[[ Data section, beginning ]]

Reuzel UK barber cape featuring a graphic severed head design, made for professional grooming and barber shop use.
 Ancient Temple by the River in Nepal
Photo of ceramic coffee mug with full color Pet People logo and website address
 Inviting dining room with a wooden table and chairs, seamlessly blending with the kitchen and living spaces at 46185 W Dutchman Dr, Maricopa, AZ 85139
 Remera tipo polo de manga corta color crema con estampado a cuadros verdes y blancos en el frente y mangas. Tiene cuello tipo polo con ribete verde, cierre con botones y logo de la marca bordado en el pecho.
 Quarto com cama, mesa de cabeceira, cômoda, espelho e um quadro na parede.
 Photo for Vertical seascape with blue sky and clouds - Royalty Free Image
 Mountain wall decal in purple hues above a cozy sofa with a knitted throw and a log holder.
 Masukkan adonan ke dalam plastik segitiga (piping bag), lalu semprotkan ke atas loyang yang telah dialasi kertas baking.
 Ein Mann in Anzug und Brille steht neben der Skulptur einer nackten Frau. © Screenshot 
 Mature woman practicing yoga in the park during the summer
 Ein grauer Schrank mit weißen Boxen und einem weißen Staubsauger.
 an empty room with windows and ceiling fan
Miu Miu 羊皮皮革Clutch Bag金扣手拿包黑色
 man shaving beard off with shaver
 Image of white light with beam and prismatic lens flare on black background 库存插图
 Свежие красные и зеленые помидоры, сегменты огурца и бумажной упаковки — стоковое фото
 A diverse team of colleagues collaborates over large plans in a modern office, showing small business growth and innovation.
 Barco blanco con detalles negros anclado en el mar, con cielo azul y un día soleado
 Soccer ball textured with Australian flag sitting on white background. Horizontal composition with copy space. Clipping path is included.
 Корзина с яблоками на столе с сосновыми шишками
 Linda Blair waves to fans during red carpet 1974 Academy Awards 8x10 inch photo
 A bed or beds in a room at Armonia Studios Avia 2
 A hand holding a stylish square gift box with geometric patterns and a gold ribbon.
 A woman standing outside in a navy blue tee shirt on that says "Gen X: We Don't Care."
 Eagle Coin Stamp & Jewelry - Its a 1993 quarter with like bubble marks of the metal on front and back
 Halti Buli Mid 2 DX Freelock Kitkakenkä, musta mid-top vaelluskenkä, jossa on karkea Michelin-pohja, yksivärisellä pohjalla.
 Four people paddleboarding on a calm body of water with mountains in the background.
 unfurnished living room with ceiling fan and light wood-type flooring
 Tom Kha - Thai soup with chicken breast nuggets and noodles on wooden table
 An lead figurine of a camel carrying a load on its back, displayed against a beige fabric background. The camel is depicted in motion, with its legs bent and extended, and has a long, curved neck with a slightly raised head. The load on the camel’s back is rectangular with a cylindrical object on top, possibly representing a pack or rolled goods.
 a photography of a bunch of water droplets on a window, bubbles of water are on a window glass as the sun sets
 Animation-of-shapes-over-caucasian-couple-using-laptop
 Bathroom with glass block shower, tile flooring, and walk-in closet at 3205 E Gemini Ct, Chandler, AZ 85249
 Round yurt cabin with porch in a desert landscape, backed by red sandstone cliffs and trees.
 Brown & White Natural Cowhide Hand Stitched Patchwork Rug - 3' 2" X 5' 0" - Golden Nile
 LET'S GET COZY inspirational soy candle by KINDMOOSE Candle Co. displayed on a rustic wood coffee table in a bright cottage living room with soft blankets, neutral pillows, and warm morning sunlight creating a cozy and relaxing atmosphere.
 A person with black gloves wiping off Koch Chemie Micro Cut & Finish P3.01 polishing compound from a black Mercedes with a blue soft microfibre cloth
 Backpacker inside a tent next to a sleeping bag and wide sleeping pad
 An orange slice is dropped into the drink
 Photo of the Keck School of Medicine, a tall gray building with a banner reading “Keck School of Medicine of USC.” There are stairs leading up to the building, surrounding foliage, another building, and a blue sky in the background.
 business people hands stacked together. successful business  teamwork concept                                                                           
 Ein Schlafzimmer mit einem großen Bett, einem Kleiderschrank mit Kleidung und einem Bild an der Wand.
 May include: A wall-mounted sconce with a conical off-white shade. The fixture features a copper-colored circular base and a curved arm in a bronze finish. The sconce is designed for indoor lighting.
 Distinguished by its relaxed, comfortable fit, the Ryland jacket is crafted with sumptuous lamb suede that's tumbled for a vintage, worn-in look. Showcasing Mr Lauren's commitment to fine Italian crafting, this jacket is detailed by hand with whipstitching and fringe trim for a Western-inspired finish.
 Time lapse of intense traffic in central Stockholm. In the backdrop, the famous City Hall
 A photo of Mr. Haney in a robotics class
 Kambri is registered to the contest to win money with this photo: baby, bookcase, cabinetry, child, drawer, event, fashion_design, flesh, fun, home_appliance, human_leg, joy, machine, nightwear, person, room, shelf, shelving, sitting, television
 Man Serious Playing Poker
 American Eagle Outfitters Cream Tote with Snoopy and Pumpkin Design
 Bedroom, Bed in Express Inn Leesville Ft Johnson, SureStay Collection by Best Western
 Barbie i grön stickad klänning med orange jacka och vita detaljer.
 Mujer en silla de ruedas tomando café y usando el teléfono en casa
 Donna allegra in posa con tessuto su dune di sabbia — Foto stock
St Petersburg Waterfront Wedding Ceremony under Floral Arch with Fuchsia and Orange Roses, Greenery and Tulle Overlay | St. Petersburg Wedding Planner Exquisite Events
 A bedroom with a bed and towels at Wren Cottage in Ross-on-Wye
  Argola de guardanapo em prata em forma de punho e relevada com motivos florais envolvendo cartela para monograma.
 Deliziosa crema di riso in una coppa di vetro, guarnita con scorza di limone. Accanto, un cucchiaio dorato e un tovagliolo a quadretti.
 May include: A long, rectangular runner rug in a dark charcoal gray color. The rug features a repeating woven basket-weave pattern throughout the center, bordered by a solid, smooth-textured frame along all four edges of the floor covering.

[[ Data section, end ]]

[Prompt] Copy out each line of the data containing the string "black".

[Result for this exercise]
 Image of white light with beam and prismatic lens flare on black background 库存插图
 A person with black gloves wiping off Koch Chemie Micro Cut & Finish P3.01 polishing compound from a black Mercedes with a blue soft microfibre cloth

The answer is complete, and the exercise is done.